Among the people I work with, there are those who live in daily terror of being imprisoned at such centres as Campsfield Detention Centre at Kidlington.

They are asylum seekers, some of whom have been here well over 10 years without a resolution to their application for asylum in this country.

Not allowed to work, forced to sign at the police station every week regardless of health or circumstances, they live in poverty and despair, unable to move backwards or forwards as the years of their lives pass.

They cannot work, marry, buy a house, or make any choices about how they live.

If they have children, the children, too, live with poverty and insecurity, and their parents' fear of detention and deportation.

I also see those whose applications for asylum have been turned down, but they are not being returned to their own countries because our Government acknowledges their countries of origin as too unstable, or there are no safe routes back.

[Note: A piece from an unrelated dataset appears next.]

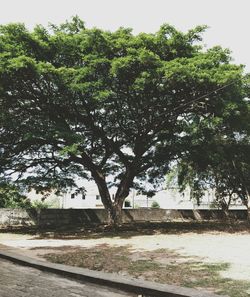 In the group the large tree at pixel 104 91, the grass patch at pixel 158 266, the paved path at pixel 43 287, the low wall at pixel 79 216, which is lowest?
the paved path at pixel 43 287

These people are homeless and penniless, as well as living in terror of detention and deportation.

When you put people to whom this country affords such little humanity into prisons without charge, where they face loss of all personal volition and hope, (and may also be reminded of atrocities they had tried to escape when they fled their home countries), is it any wonder that a few commit desperate acts, such as setting themselves on fire, going crazy and starting to scream, and are unable to stop?

Will we ever learn to see that others are like ourselves, and react as we would do, and like ourselves, have a breaking point?